July 4, 2011
In this bubblicious world of trillion dollar deficits, sovereign bailouts, and fiscal stimulus measures of historical proportions, there is one economist whose theories and underlying philosophy underpin the foundation of modern macroeconomics.
His name is John Maynard Keynes, and his most famous work, The General Theory of Employment, Interest and Money (1936) has become the playbook from which politicians and central bankers are making their trillion dollar decisions.
Just about every politician knows the name Keynes. Most would consider themselves “Keynesian” in that they believe in government spending as a means to maintain economic stability. Few have actually read his book. And yet even fewer realize that Keynes was a major advocate of Soviet-style central planning.

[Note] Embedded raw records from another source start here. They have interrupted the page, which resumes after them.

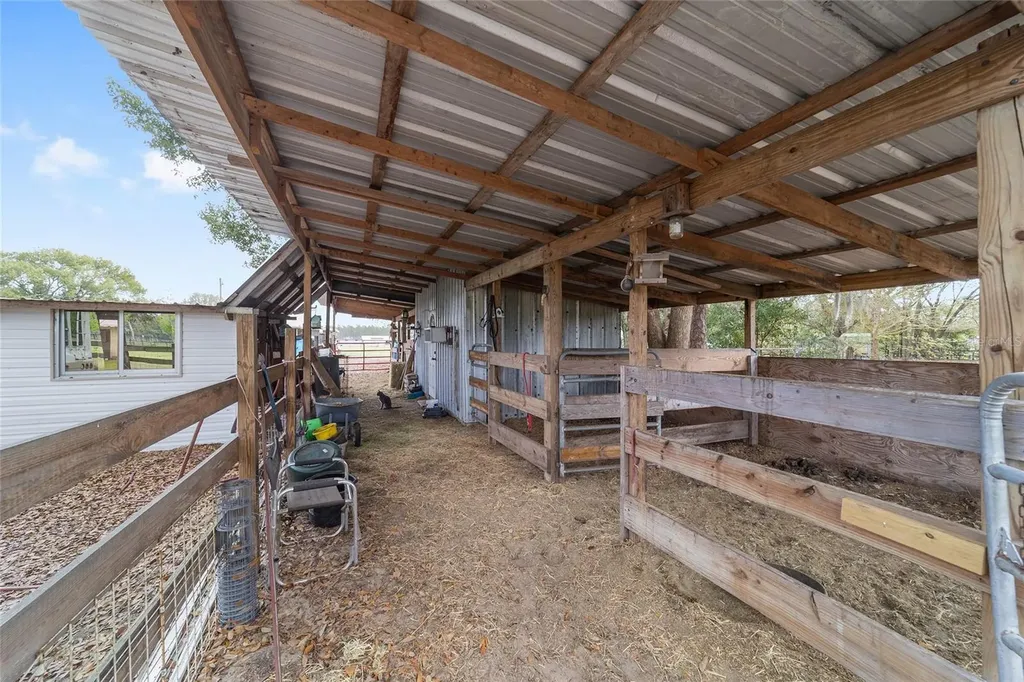 12620 SE Maricamp Road Ocklawaha FL 32179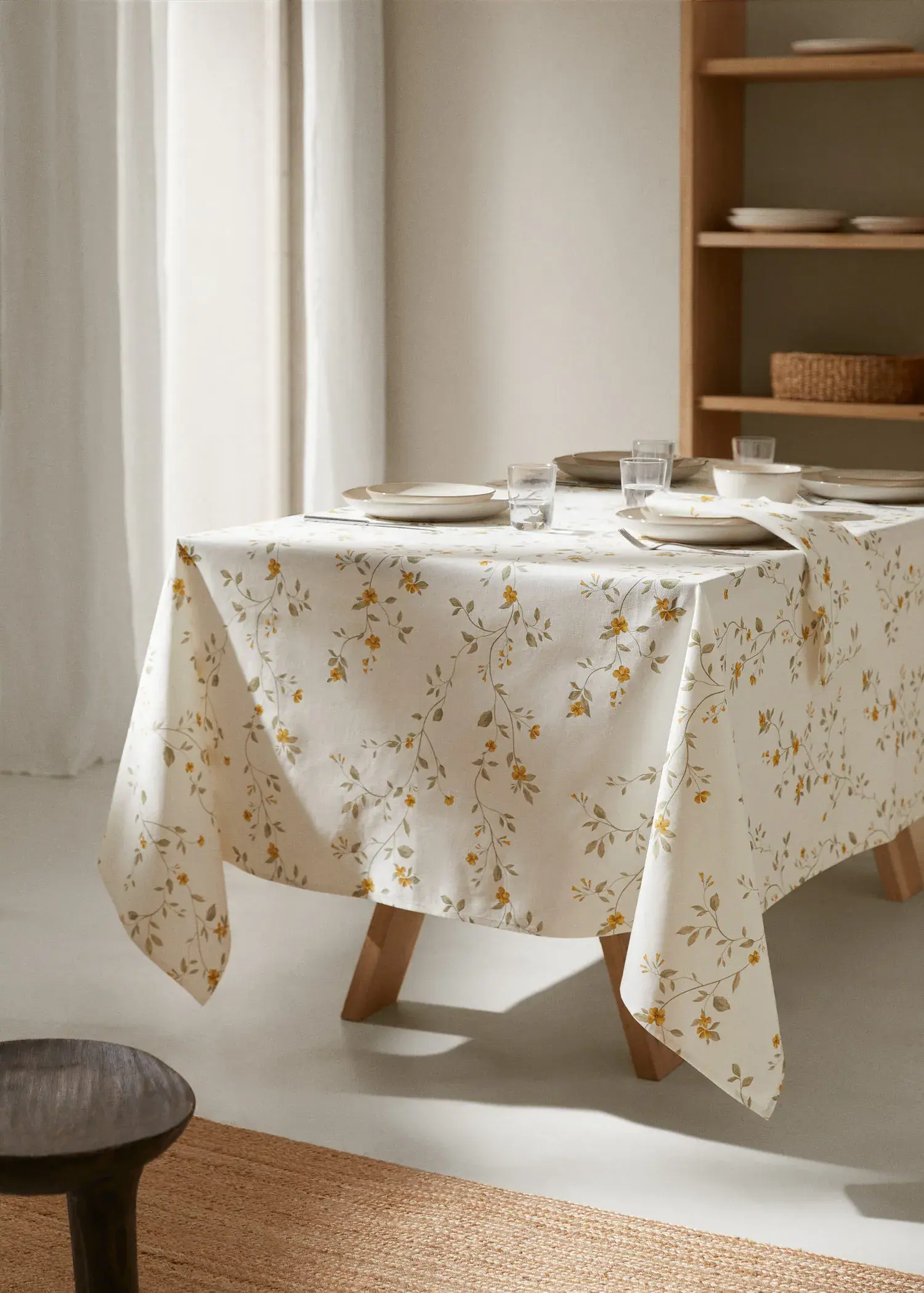 Mango Tischdecke aus Baumwolle mit floralem Print 170 x 170 cm. 1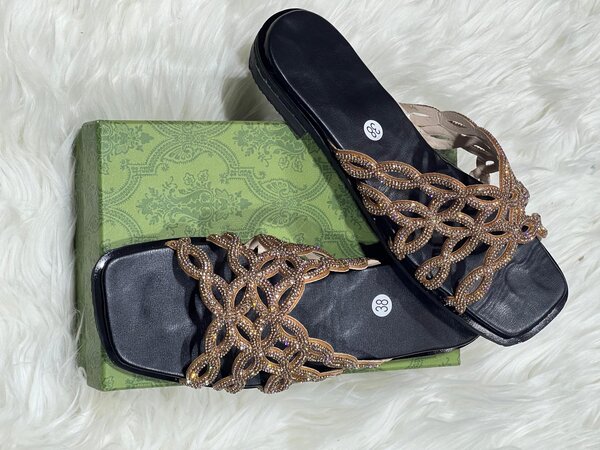 Sandales élégantes femmes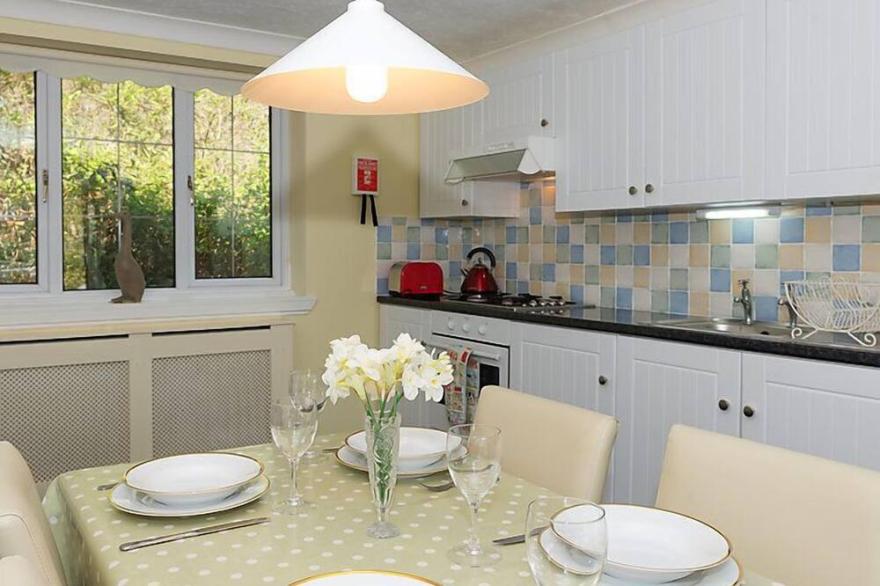 Vacation home Ducks Dive in Looe - 3 persons, 2 bedrooms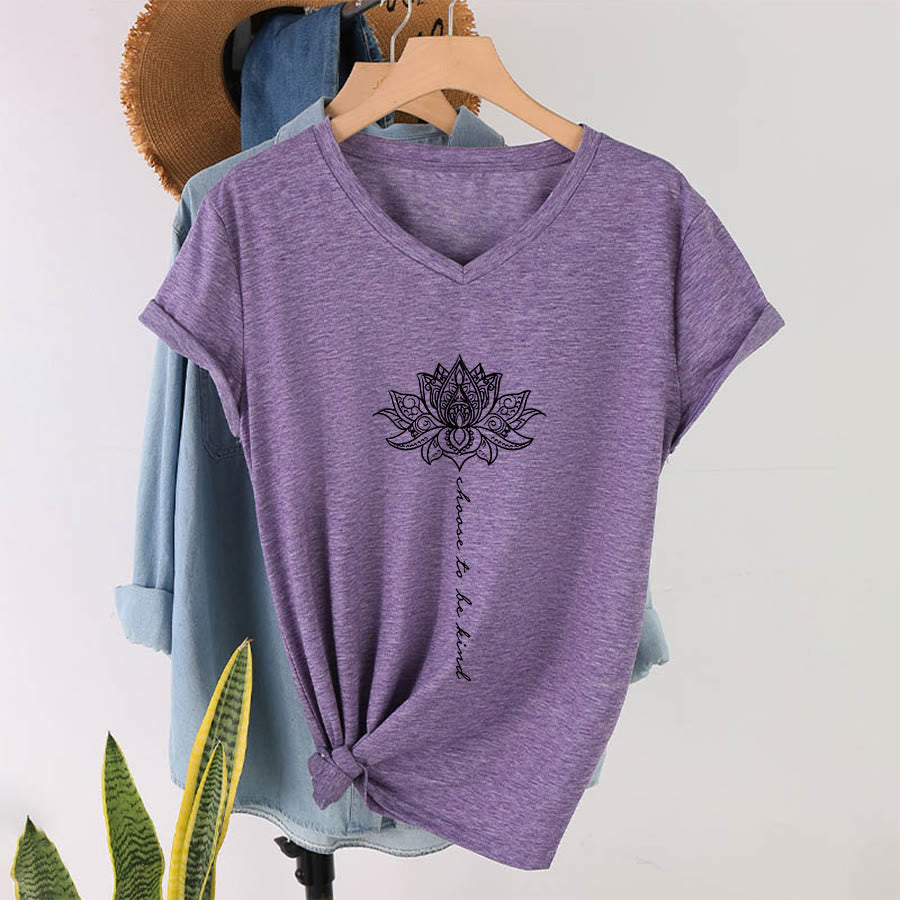 T-shirt Olivenorma « Choisissez la gentillesse » à col en V avec imprimé mandala lotus - image 37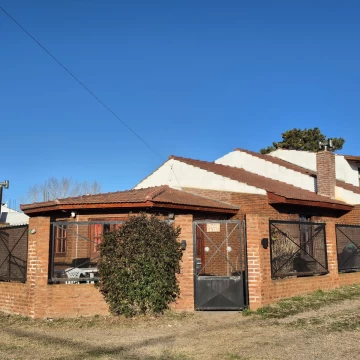 Venta casa de cinco ambientes, con cochera y jardín en Mar de Ajó, Partido de La Costa, Buenos Aires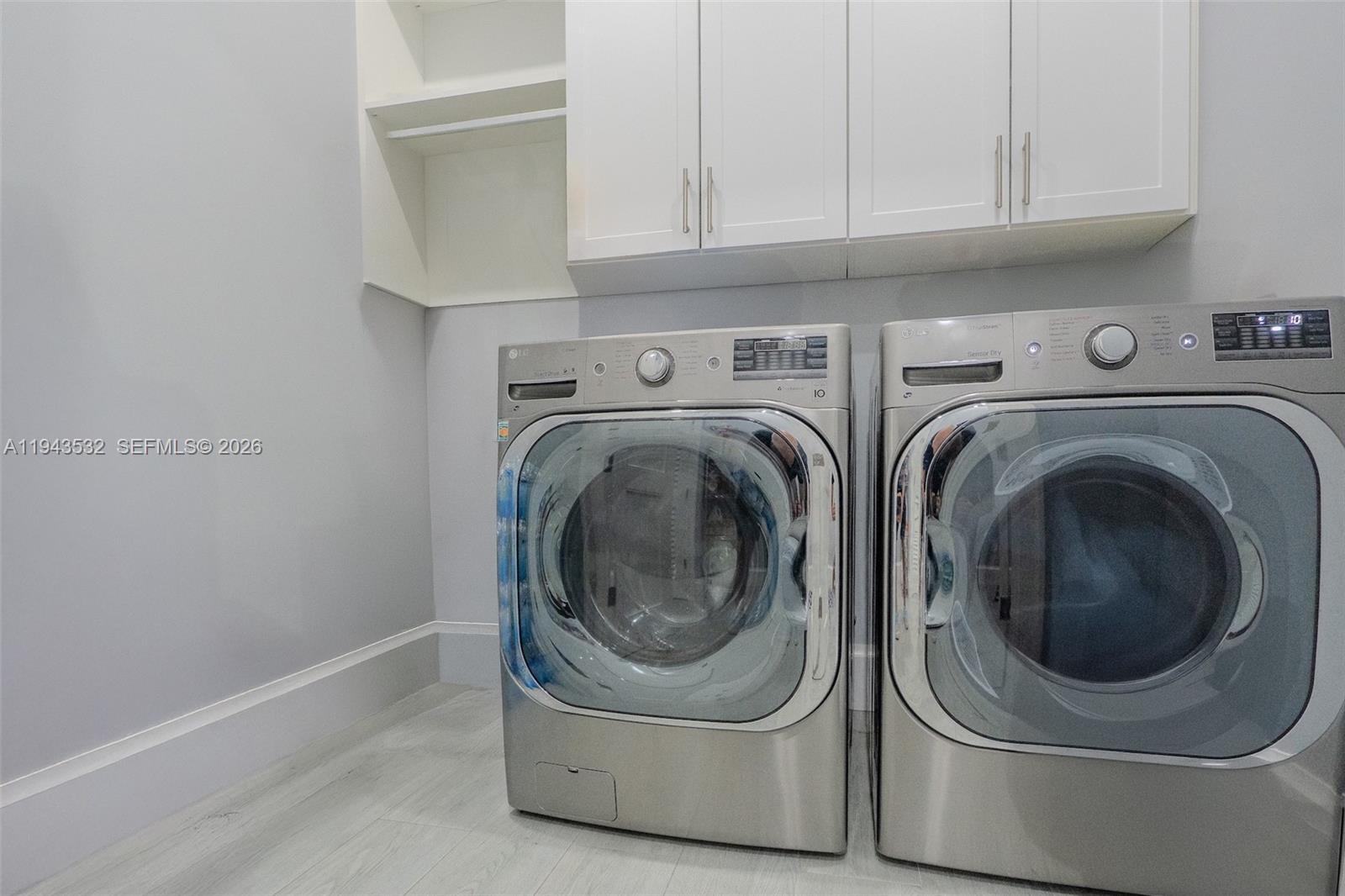 6077 NW 71st Ter Parkland, FL 33067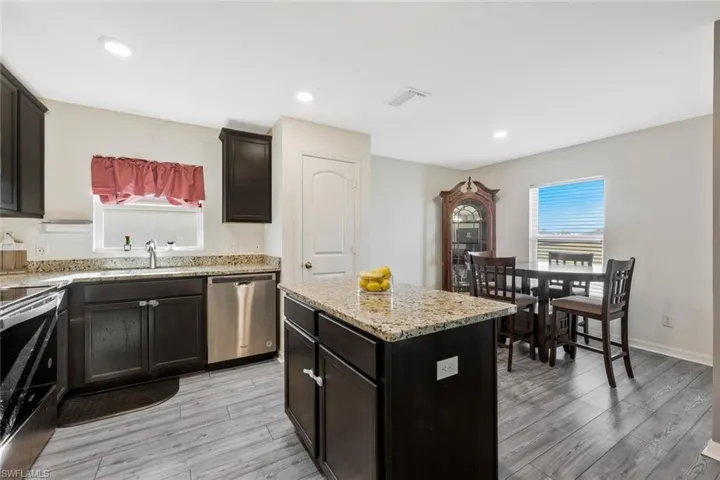210 Ne 16th Ter, Cape Coral Fl 33909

Among the many fascist viewpoints in his General Theory, Keynes argued that:
1) A high rate of interest which encourages saving is bad for society. Consumption and borrowing must be promoted. In fact, high interest rates are to blame for why “the world after several millennia of steady individual saving, is so poor…”
2) Consequently, the government should make money cheap, controlling interest rates with a target level of zero. Further, the government should never deliberately increase rates as inflation will not set in “until unemployment has completely disappeared.”
3) Even if inflation should happen to appear, it’s likely due to the “arbitrary and inequitable distribution of wealth and incomes…” As such, the better solution to control prices and keep the boom going is to simply impose high income and death taxes in order to make a more economically just society.
4) If the boom starts to fade and low interest rates aren’t doing the job, it is the role of the government to step in and ‘invest’ obscene amounts of money to stimulate growth. Only the government is capable of doing this, as “the duty of ordering the current volume of investment cannot safely be left in private hands.”
5) As Keynes favored “a somewhat comprehensive socialization of investment,” he recognized that such complex decisions of investing other people’s money would be “above the heads of the vast mass of more or less illiterate voters.”
6) Not to worry, though, these key decision makers of the state-run economy will have the right “moral position,” so it’s just a question of making sure that the right people are directing the economy.
7) In the event of a crisis, the answer is simple. A government should simply borrow and spend more. In a 1934 article for Redbook magazine entitled “Can America Spend Its Way into Recovery,” Keynes opened with “Why, obviously!”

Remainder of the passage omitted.